Classfication of model based on interpretablility:
- **Glass box model:** models that are interpretable due to their structure, such as linear regression and imple decision tree model.
- **Black box model:** models with a lot of parameters or complex interactions between features; hard to explain relationship between features and target and the relative importance of features in making prediction.

Sometimes we might face implicit constraints on the interpretability of the model, due to tech stack (e.g. production system can only deploy parametrized models) or user needs (e.g. model must be a rule-based system that is editiable)

## Taxonomy of Interpretation Methods

### Classifications of Interpretation Methods:
- **Intrinsic interpretability vs post hoc:** We distinguish interpretation of models which are intrinsically interpretable due to simple structures (e.g. linear regression) and of such that lacked intrinsic interpretablability (e.g.
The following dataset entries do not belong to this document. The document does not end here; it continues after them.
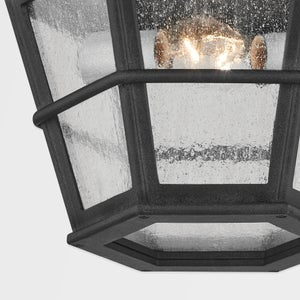 Lake County Flush Mount Troy Lighting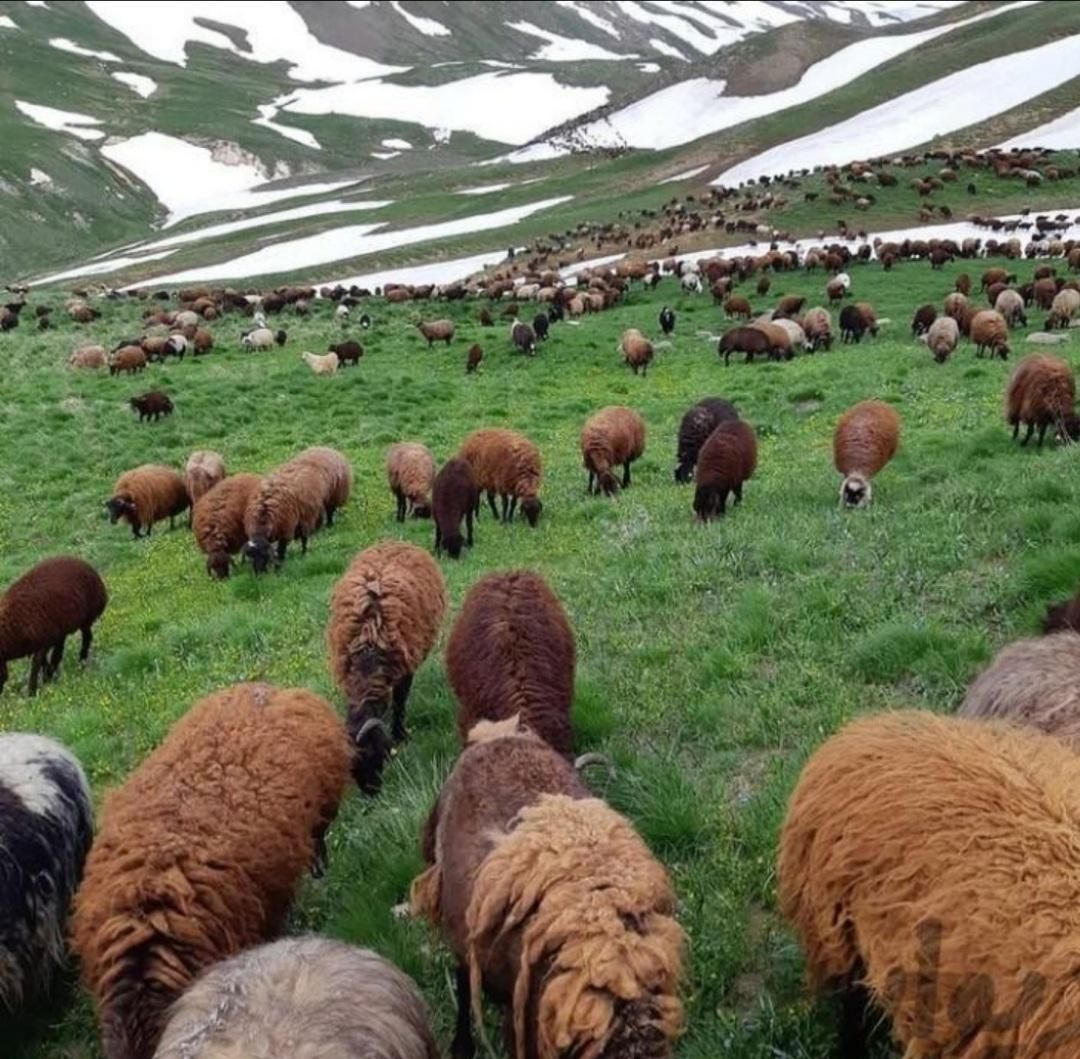 گوسفند زنده و بزغاله چاق کوهستان درباغستان|حیوانات مزرعه|کرج, باغستان|دیوار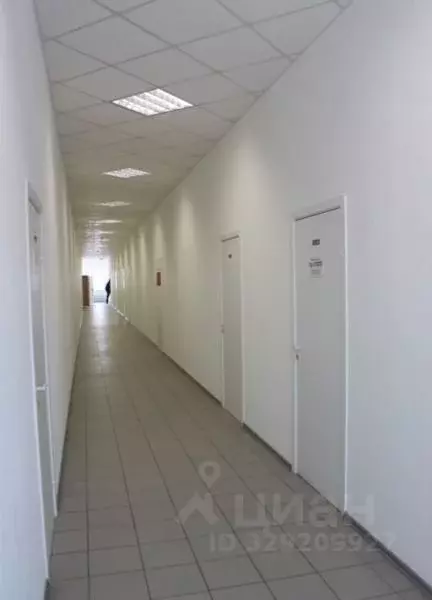 Офис в Новосибирская область, Новосибирск Светлановская ул., 50/2 (25 ... - Фото 2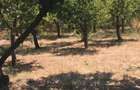 Teren intravilan 800 mp de vanzare Comuna Leu, Dolj cu livada ?i curent - 1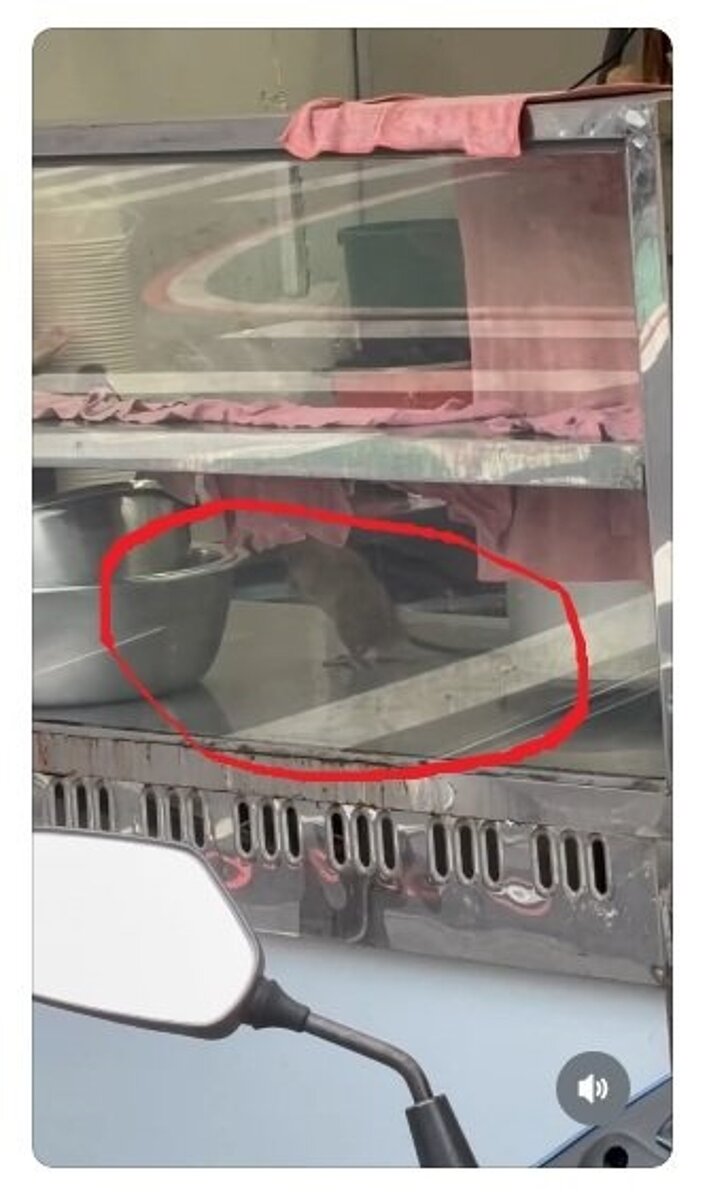 台中市學士路一家便當店被人拍到櫥櫃內竟有大隻老鼠在跑動,似在找食物。圖/翻攝自Threads,yunwu_1214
GBM).

- **Model-specific vs. model-agnostic:** Model-specific tools are limited to a class of models, whereas model-agnostic methods can be applied to any model produding predictions based on features.

- **Local vs. global:** Global methods explain the general behaviour of the model (usually explain the change in conditional expectation of the target variable w.r.t to change in feature), while local methods decompose individual predictions.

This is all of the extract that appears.